Now that I've encountered this again, I think I'll mention the ideas I had back then, which I've actually used for a few days but abandoned them in the end because they were too hard for me (I averaged 4-5 minutes when I was experimenting with this). Since I didn't know about ELL algs, this was what I did:

Terminology:
"Side" edges mean the edges that are opposite each other in a U perm.
"Central" edge means the edge that's between the opposite edges.
"Empty edge slot" means the edge that's on the same face as the U perm but is not part of the U perm.
Pretty obvious naming. If you still don't get what I'm referring to, you will once you read the stuff down there.

Case 1: All edges oriented: Do a normal U perm.

Case 2: 1 "side" edge flipped: Do a 2 move setup move (trivial) to bring it to the "empty edge slot" (which simultaneously turns the bad edge into a good one) and do a U perm.

Case 3: 1 "central" edge flipped: Do M or M' to bring it to the "empty edge slot" and do a U perm.

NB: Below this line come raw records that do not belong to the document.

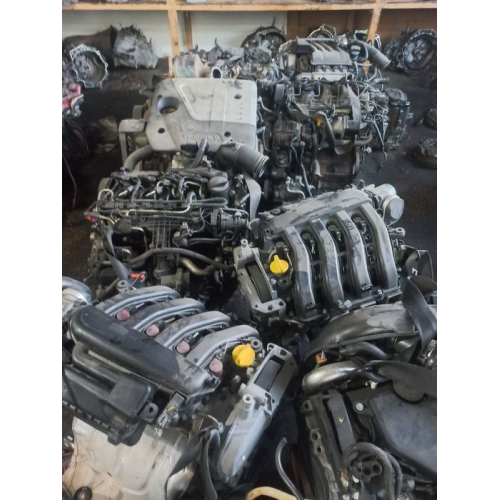 Мотор двигун двигатель вольцваген транспортер 2.5 ACV 75 квт  t4 т4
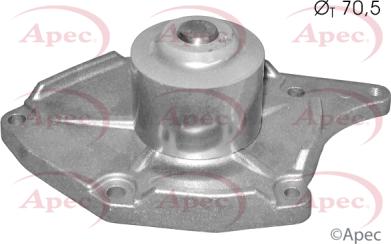 APEC AWP1443 - Pompa apa aaoparts.ro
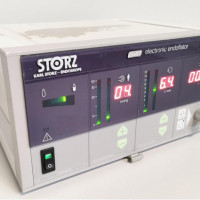 Pre-Owned - Excellent KARL STORZ electronic endoflator 264305 20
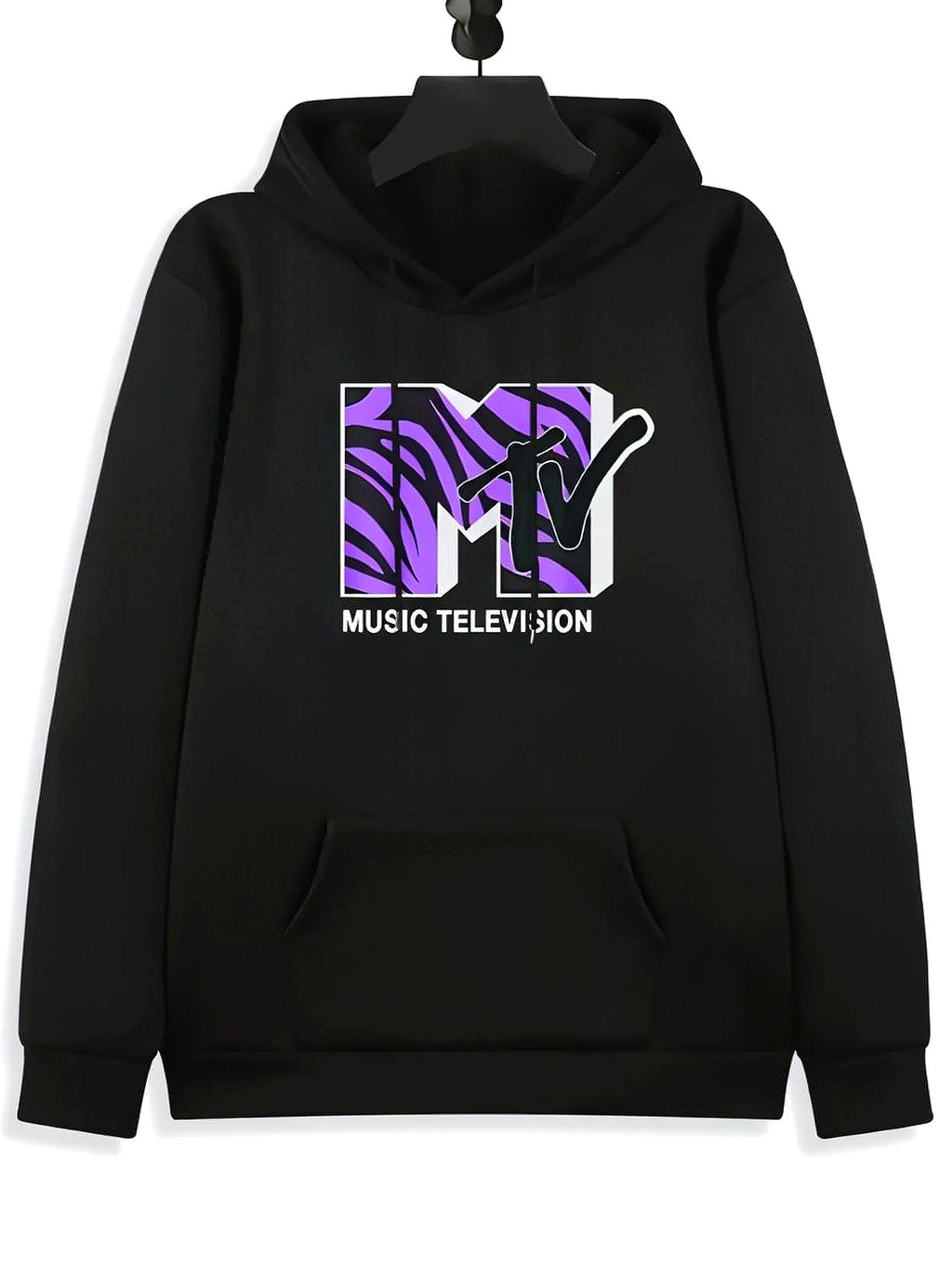 Hoodie - enhanced image 3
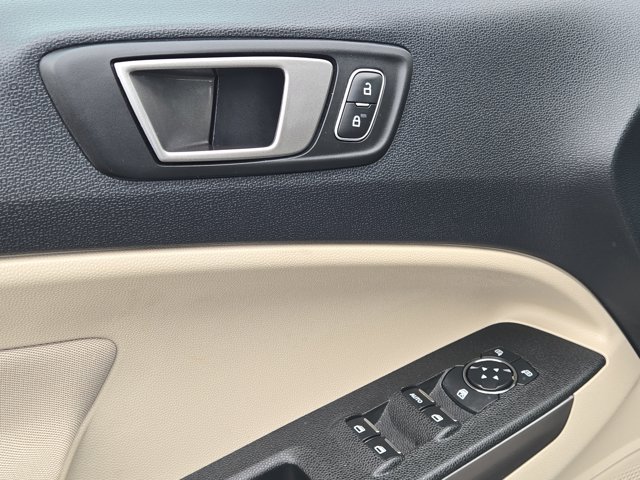 Used 2020 Ford EcoSport - photo 21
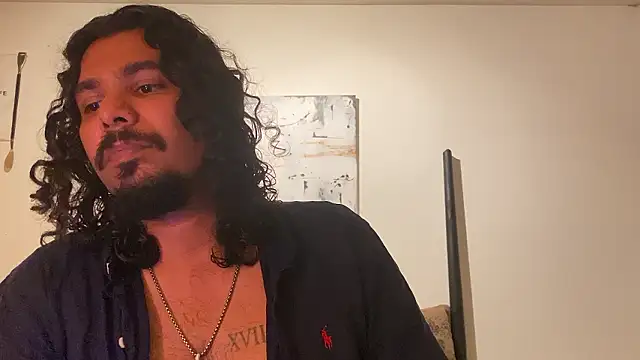 daddyvibes – Live XXX-chat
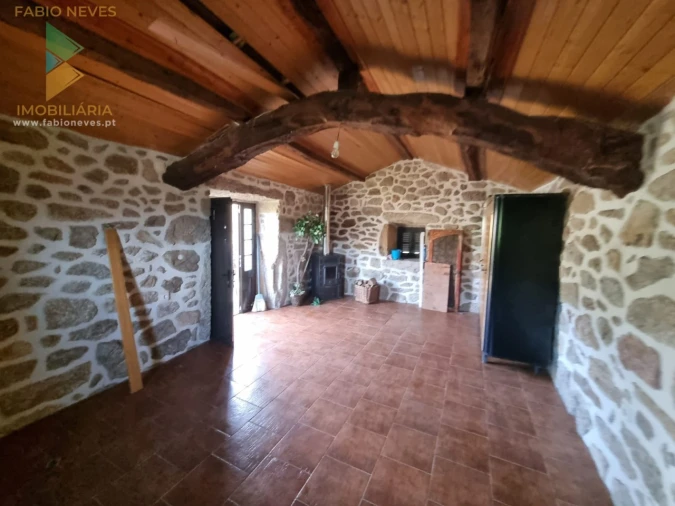 Moradia T6 para Venda em Cerdal Foto 45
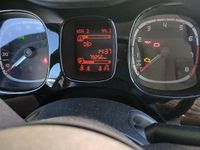 Gebraucht Fiat Panda 70 PS (51 kW) 2013 Schwarz Kleinwagen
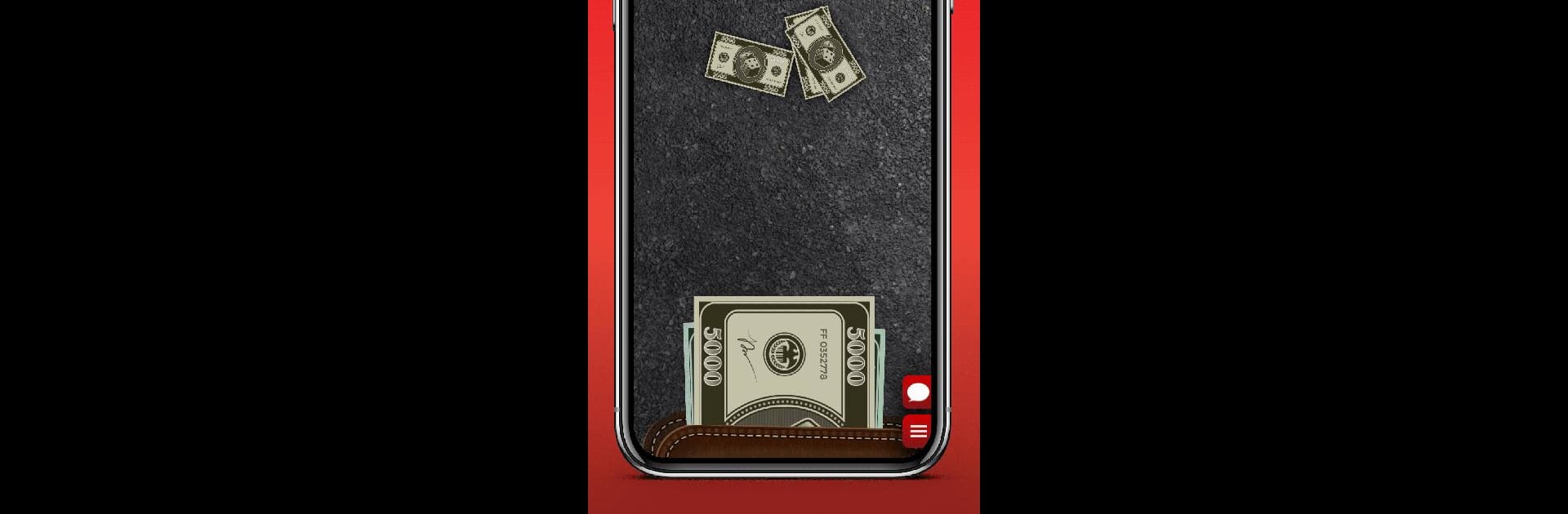 Phone Dice™ Street Dice Game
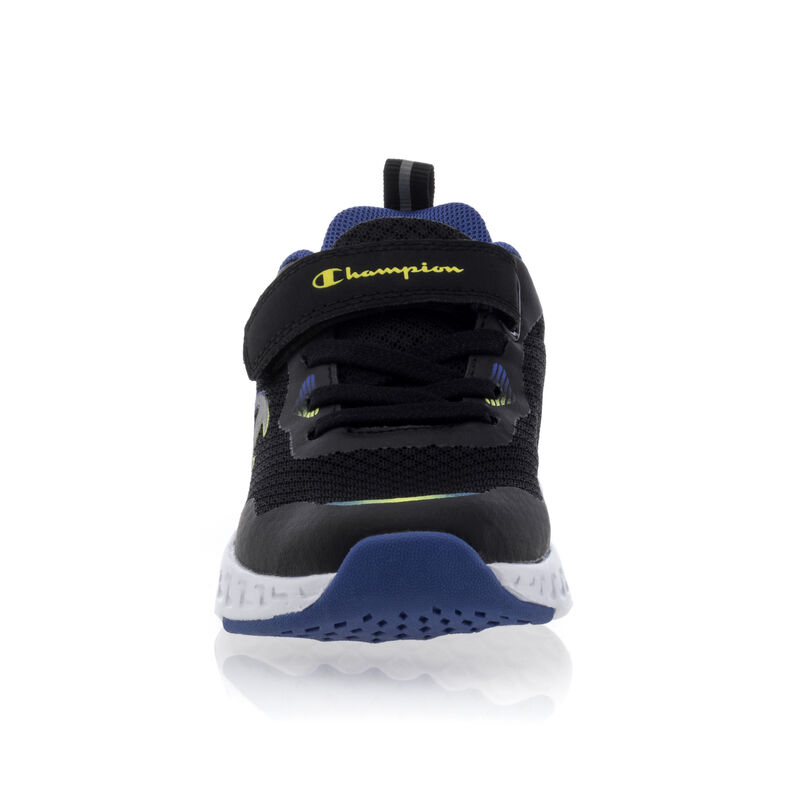 Kurver / joggesko Garcon Noir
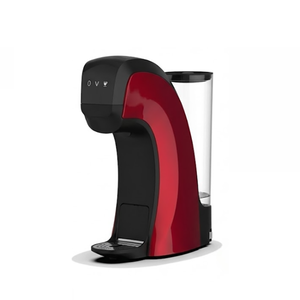 Cafetera Multi Cápsulas <span class=keywords><strong>con</strong></span> Diseño <span class=keywords><strong>de</strong></span> Cajón, 19 Bares, Calentamiento Rápido, Espresso, Americano, 5 en 1, para Oficina, Apartamento, Fiestas - Product Image 2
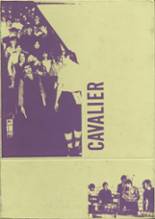 1972 Coldwater High School Yearbook from Coldwater, Ohio cover image
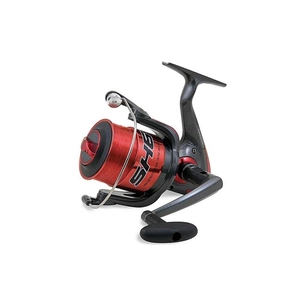 Котушка Shizuka SK6 FD 5000 з волосінню (S1000650) зображення 1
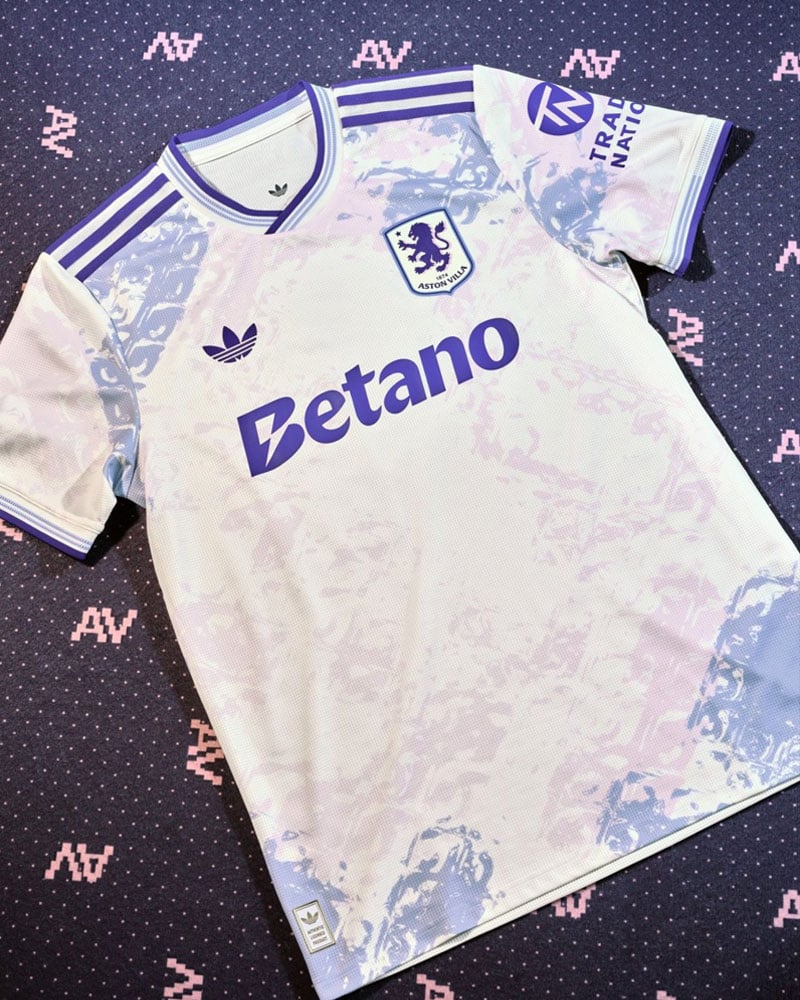 Aston Villa Clearance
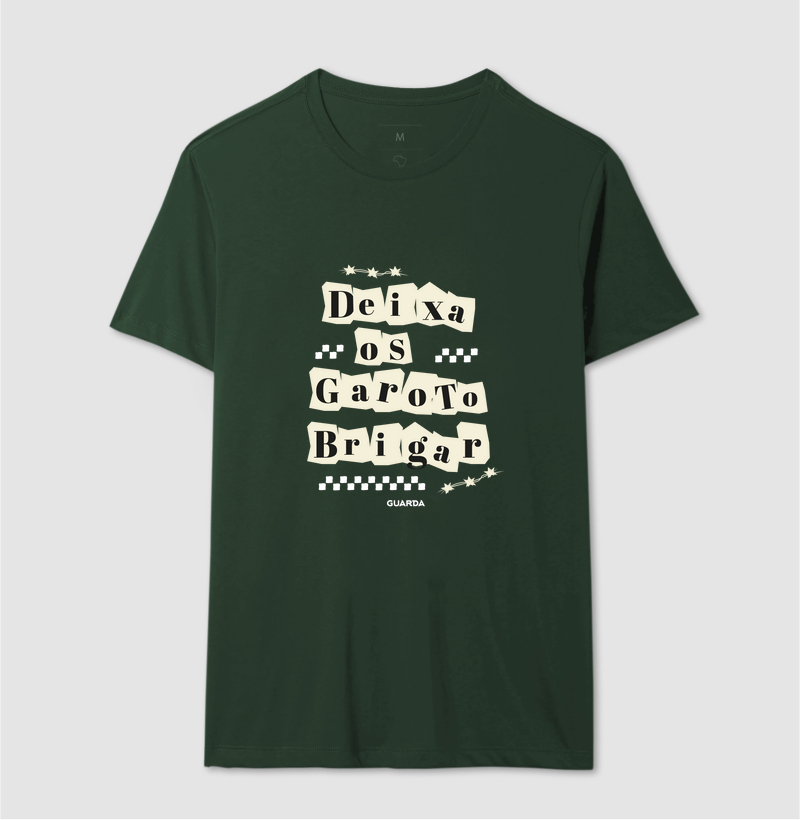Camisa 11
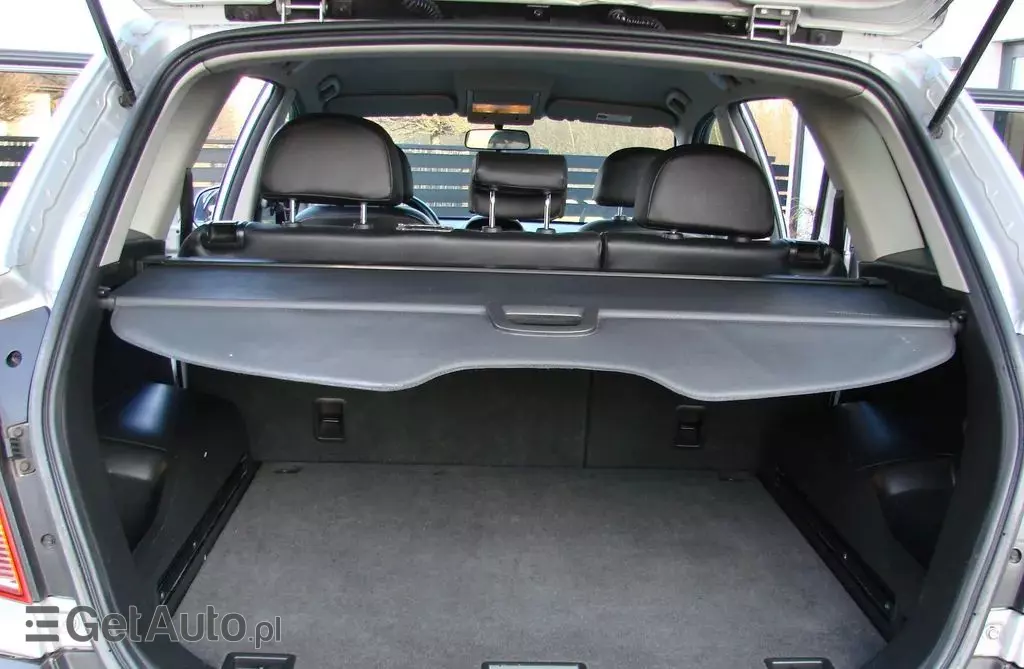 OPEL Antara 2.2 CDTI (163 KM) Automatic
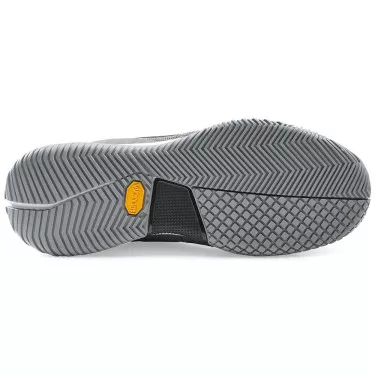 Chaussures Bullpadel Xplo Vibram 26V Gris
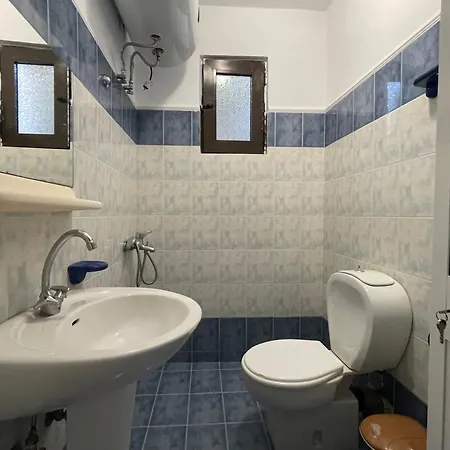Vila Hiso Pensionat 3*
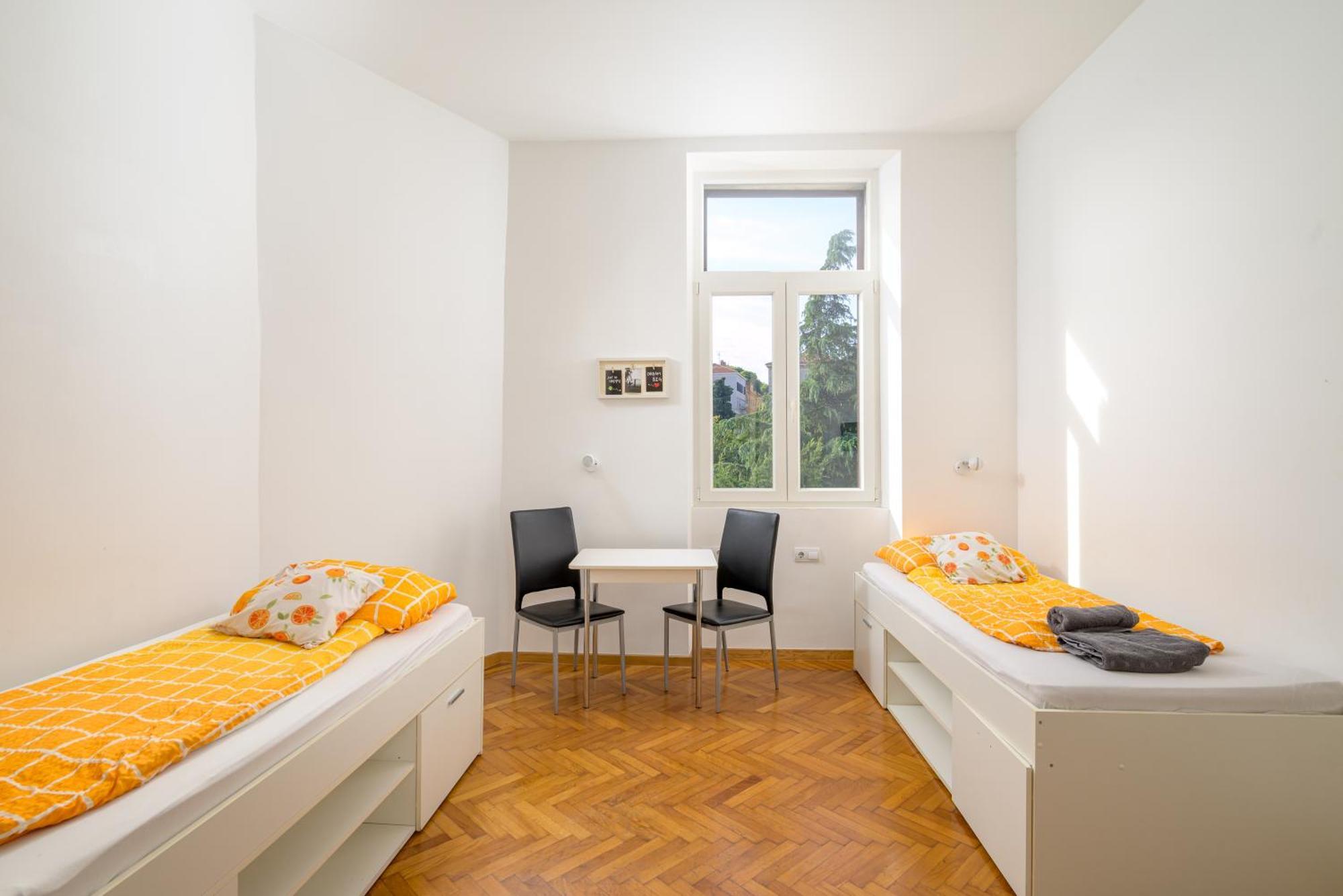 Apartments Todorovic Pula Extérieur photo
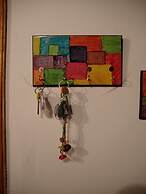 Casa Gloria en Villa de Leyva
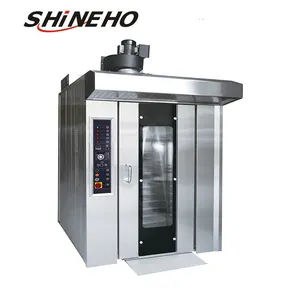 Bakery equipment Gas burner for bakery oven Electric saj bread machine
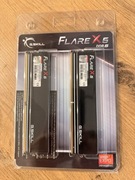 G.Skill Flare X5 DDR5 32GB (2x16GB) 6000MHz CL32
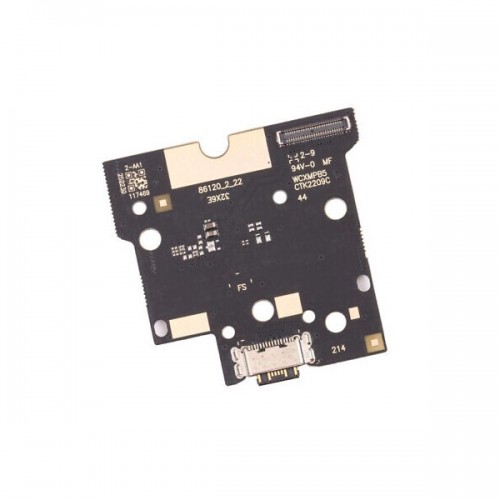 Uzlādes ports saderīgs ar Xiaomi Mi Pad 5 ar Flex / Plata OEM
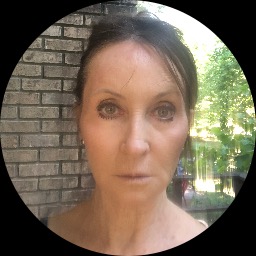 This is Susan Stephens-Dagley's avatar and link to their profile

Case 4: Any 2 edges flipped: Flip the third (oriented) edge using Case 2/3's approach and do a U perm. Then flip the other 2 edges with any alg you like.

As you can see, these are all pretty trivial too, for the lazy BLD cuber who doesn't want to learn 6 more algorithms. Edit: I forgot to mention this, major problem is, you need to know which edges to flip in the end, so in other words, this is a really pathetic method that I came up with 

Erik, how is this different from whatever Milan Baticz is using? (as mentioned on your site, he uses ELL for BLD edges right?)

PS: Am I in the wrong thread?


----------



## fanwuq (Jul 17, 2008)

blah,
I thought of this idea too when I first started BLD...
I still like this method. I think learning all the corner cases can be useful, they are COLLs that can work in speed too.


----------



## Erik (Jul 17, 2008)

blah said:


> Erik, how is this different from whatever Milan Baticz is using? (as mentioned on your site, he uses ELL for BLD edges right?)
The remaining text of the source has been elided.